Published online Aug 7, 2008. doi: 10.3748/wjg.14.4672
Revised: July 20, 2008
Accepted: July 27, 2008
Published online: August 7, 2008
AIM: To study the genotype phenotype correlation in Wilson’s disease (WD) patients within families.
METHODS: We report four unrelated families from South India with nine members affected with WD. Phenotype was classified as per international consensus phenotypic classification of WD. DNA was extracted from peripheral blood and 21 exons of ATP7B gene and flanking introns were amplified by polymerase chain reaction (PCR). The PCR products were screened for mutations and the aberrant products noted on screening were sequenced.
RESULTS: Four separate ATP7B mutations were found in the four families. ATP7B mutations were identical amongst affected members within each family. Three families had homozygous mutations of ATP7B gene while one family had compound heterozygous mutation, of which only one mutation was identified. We noted concordance between ATP7B gene mutation and Wilson’s disease phenotype amongst members within each family. The age of onset of symptoms or of detection of asymptomatic disease, baseline serum ceruloplasmin and baseline urinary copper levels were also similar in affected members of each family. Minor differences in phenotype and baseline serum ceruloplasmin level were noted in one family.

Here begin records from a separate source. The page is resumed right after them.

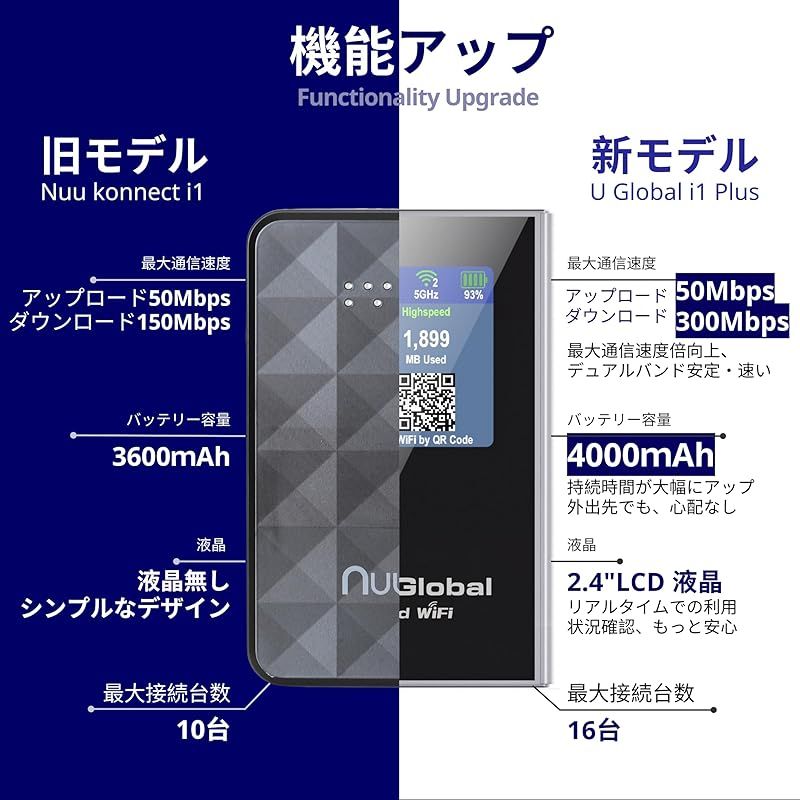 多言語確認用 U Global i1】1年間 50GB 日本国内大容量データ付き | 契約不要 月額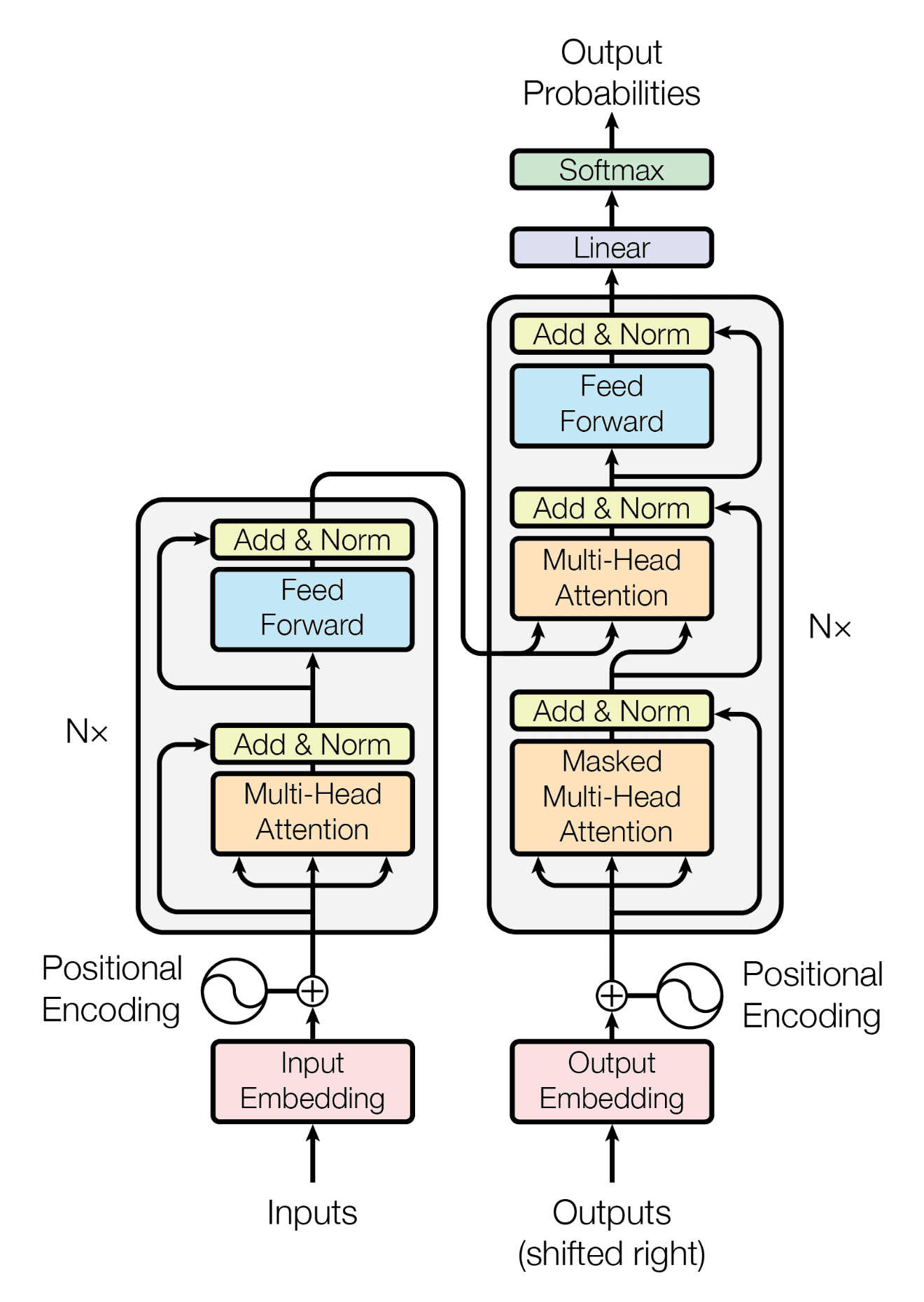 Training the Transformer Model - MachineLearningMastery.com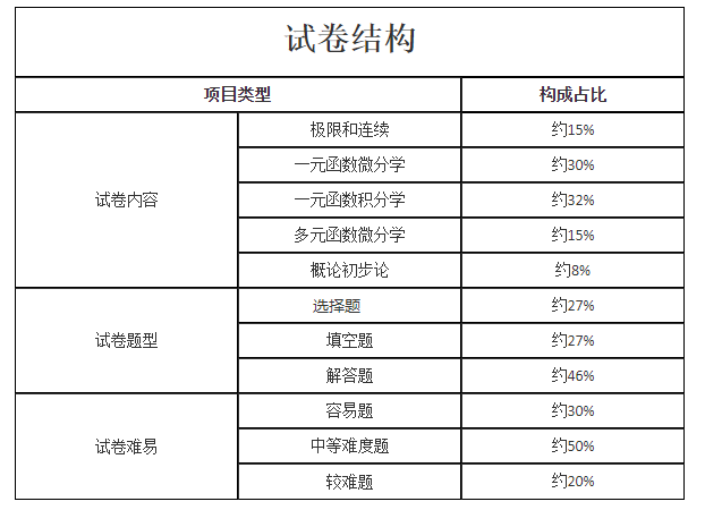 2023年湖南成考专升本《高数二》考试大纲是什么？(图4)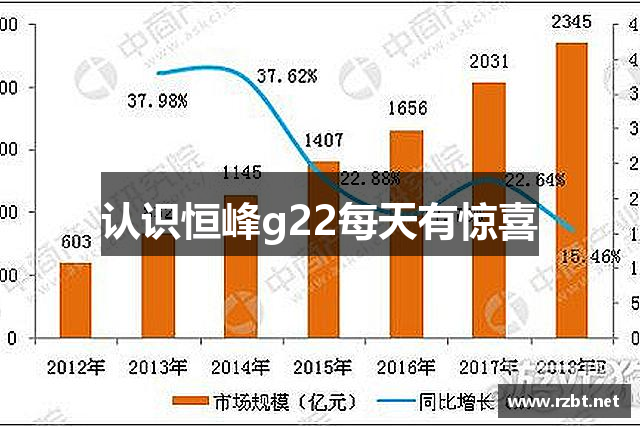 认识恒峰g22每天有惊喜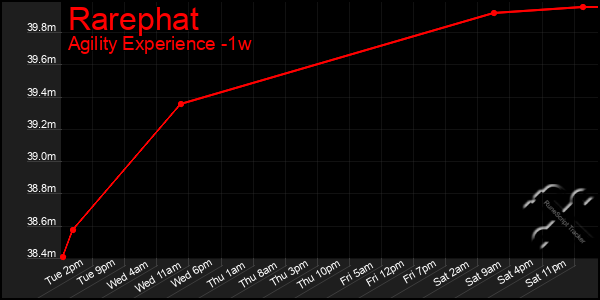 Last 7 Days Graph of Rarephat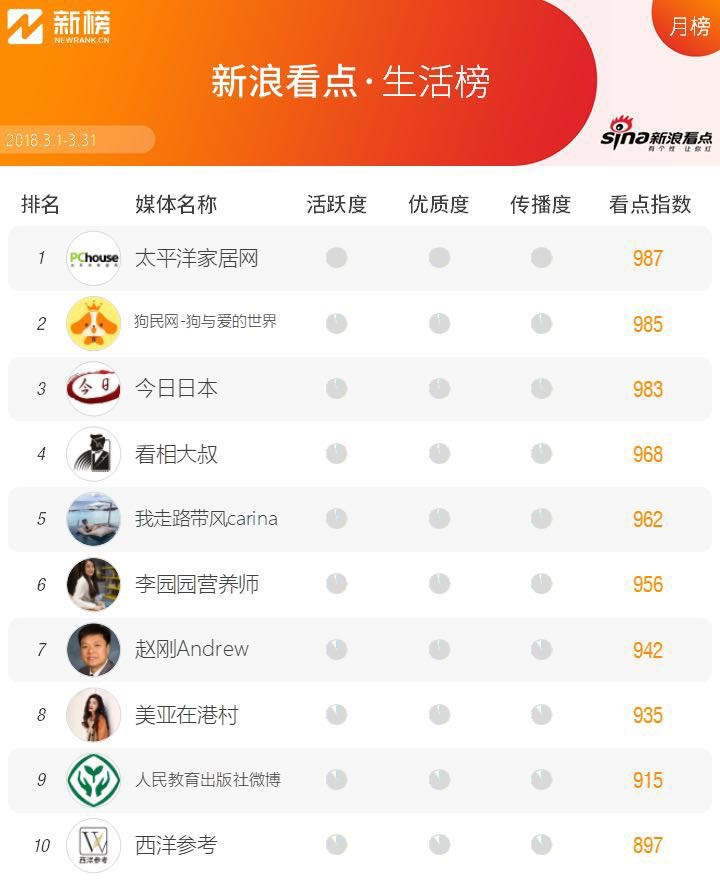 新浪看点收益高吗,新浪看点还在运行吗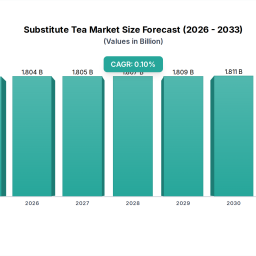 substitute-tea-market-18b-in-2025-10-cagr-to-2033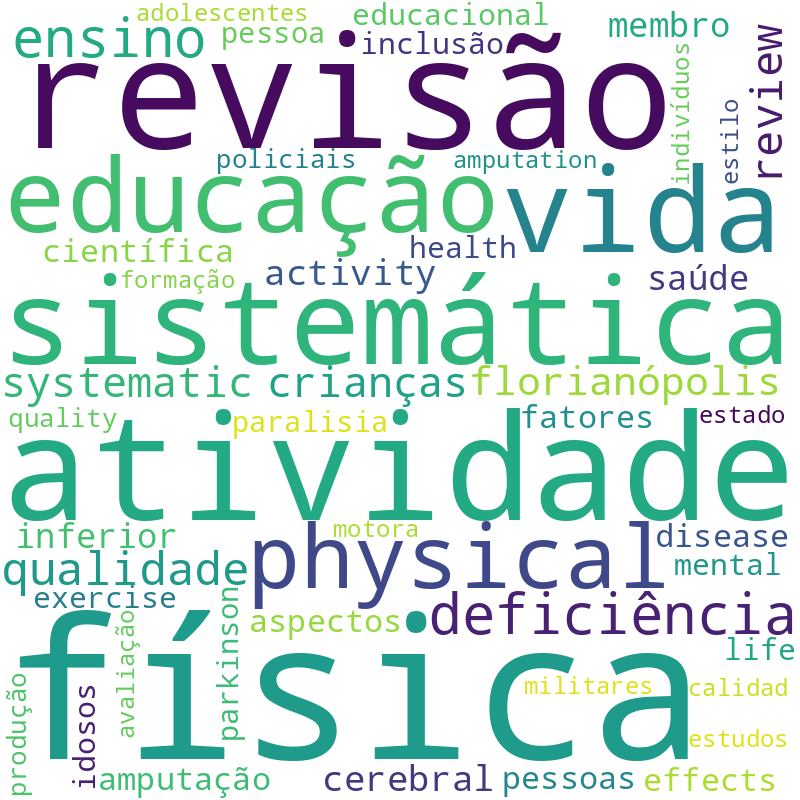 Nuvem de termos dos títulos das publicações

CONCLUSION: We report concordance between ATP7B mutation and WD phenotype within each family with > 1 member affected with WD. Homozygous ATP7B mutation was present in 3 of the 4 families studied. Our report supports allelic dominance as a determinant of WD phenotype. However, in one family with compound heterozygous mutation, there was a similar WD phenotype which suggests that there may be other factors determining the phenotype.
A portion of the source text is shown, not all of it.